These thoughts are based solely on observations and creative thoughts. None of these conclusions have been backed up by any official statements.
The future of video games is always a fun topic to ponder. From the next big hit to the next generation of consoles, there’s always something to wonder. With the continuous growth of PC gaming, there’s always discussion on how consoles will stand out against powerful gaming computers. After Microsoft’s presentation at E3 2016, an idea popped into my head – I think the XBox One successor will be more of a gaming PC rather than a traditional console.

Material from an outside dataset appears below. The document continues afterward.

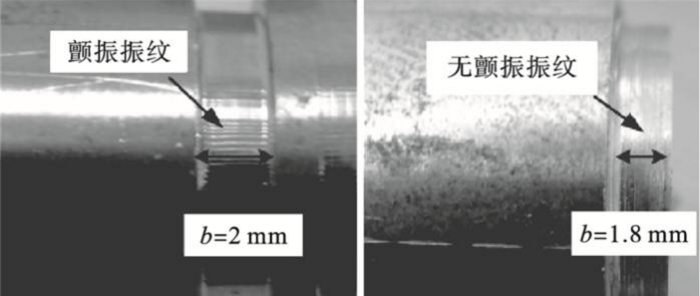 解析：利用非对称间距刀齿消除颤振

The Microsoft Company as a whole, including both their gaming and computer divisions, is an interesting case when it comes to modern video games. Plenty of people purchase XBox consoles, but the majority of computer gamers use PCs running Microsoft operating systems. However most PC gamers simply use the OS as a means to an end when gaming – the actual purchasing and playing of games is done most popularly through store fronts, such as Valve’s gaming platform, Steam. With many AAA games appearing on both PC and consoles, many have forgone the purchase of an Xbox One or a PS4 in favor of a gaming PC simply because it is more versatile than a gaming console. And I think the XBox team might try to get ahead of this by the next console generation.
Windows Store vs Steam
Microsoft introduced their “Play Anywhere” program at E3 2016 that allows for certain digital titles to be cross-purchased for play on both Xbox One consoles and PCs running Windows 10. This pairing of the Windows Store and Xbox Store seems to be a move by Xbox, and more broadly Microsoft, to compete with PC gaming distribution platforms, like Steam, in order to capture a bigger portion of the gaming market. While new models of the Xbox One show sustaining faith in the current console generation, I can imagine that the Xbox One could be the last of Microsoft’s “traditional” console.

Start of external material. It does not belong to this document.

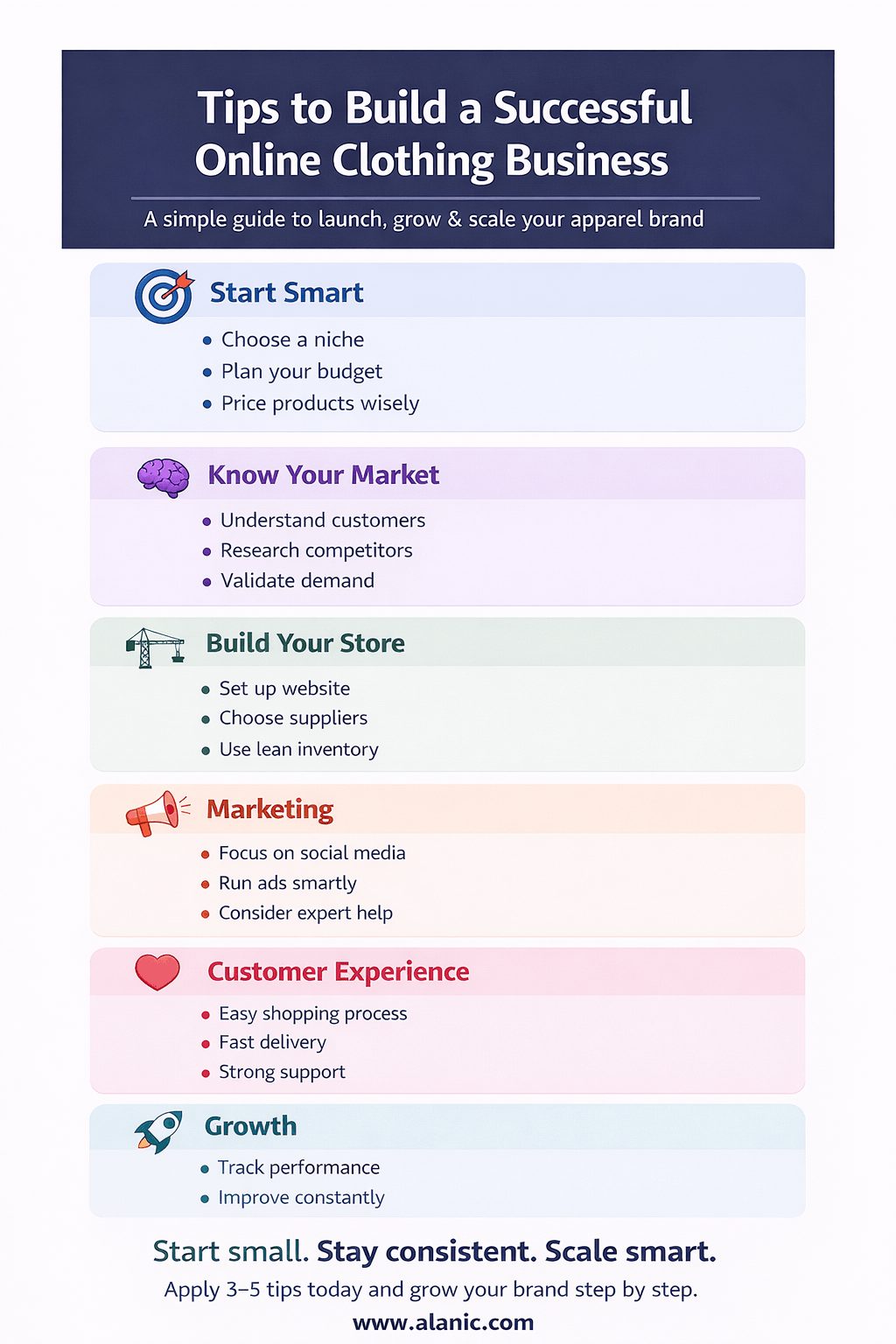 tips for online clothing store success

You may remember that when the XBox One was revealed back in 2013 that the console received backlash when it was announced that the developers wanted owners to be more or less always connected to the internet, particularly when playing games downloaded from a disc (as opposed to always having the disc in the console). Looking back, I think the timing was poor but that the idea would be more welcome in 5 years, especially if the console is branded as more of a computer than simply as a gaming console. Heck, it might even be a non-issue if internet access becomes even more available in that time span and if more people greatly favor digital download over physical media. I mean, it’s been years since gaming developers for PC titles relied on CD-Rom distribution for their games since all-digital has become the norm.
Console and Computer
If you think about it, modern game consoles have become very similar to PCs in terms hardware and capabilities, and with a dedicated gaming PC, Microsoft would be able to unify the console and PC gaming markets that it has its hands in and try to pull away customers from Steam, Humble, etc… When Xbox One’s successor comes to light (which I imagine will be anywhere from like 2018 to 2021), I’m imagining a “Reverse SteamBox” if you will. Where Steam Boxes were various consoles running a dedicated OS and internet connection that allowed for gamers to play Steam games without a PC, I’m imaging Microsoft releasing a heavily dedicated gaming PC that will have dedicated systems to prioritize and optimize gaming like a console but also have traditional computer functions.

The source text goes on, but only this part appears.